MARKET COMMENTARY
Investors came into the third quarter of 2024 waiting for further progress on inflation, which would enable the US
Federal Reserve (Fed) to cut interest rates. Softer readings on employment and inflation data throughout Q3
suggested price pressures were meaningfully abating, and the broader trend indicated an economy that was
approaching a soft landing.
In July, the Fed had left interest rates on hold, though this was soon followed in August by weaker labor market data.
The non-farm payrolls report showed that 114K jobs were added in July, well below the consensus expectation of
175K, while the unemployment rate rose to 4.3%. This weaker jobs report sparked fears that the Fed may have gotten
behind the curve in cutting interest rates and risked damaging the economy, which caused significant monetary
policy easing to be priced in by the end of the year.

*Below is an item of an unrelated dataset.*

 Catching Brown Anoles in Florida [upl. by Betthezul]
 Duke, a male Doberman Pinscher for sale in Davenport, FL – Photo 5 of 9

This culminated with the Fed’s long anticipated initiation of a new easing cycle, where the target range for the fed
funds rate was lowered by a surprise 50 bps to 4.75-5.00% at its September meeting, with officials signaling through
their economic projections that they expected 50 bps of additional cuts in 2024, and that their focus had shifted to
supporting the labor market from further cooling, as confidence had grown on the downward trajectory of inflation.
Treasury yields finished the quarter notably lower across the curve, with the 2-year and 10-year finishing 111 bps
and 62 bps lower to 3.64% and 3.78%, respectively, high yield bond spreads narrowed by 18 bps, and the Barclays
Aggregate Bond Index finishing the quarter up +5.20%.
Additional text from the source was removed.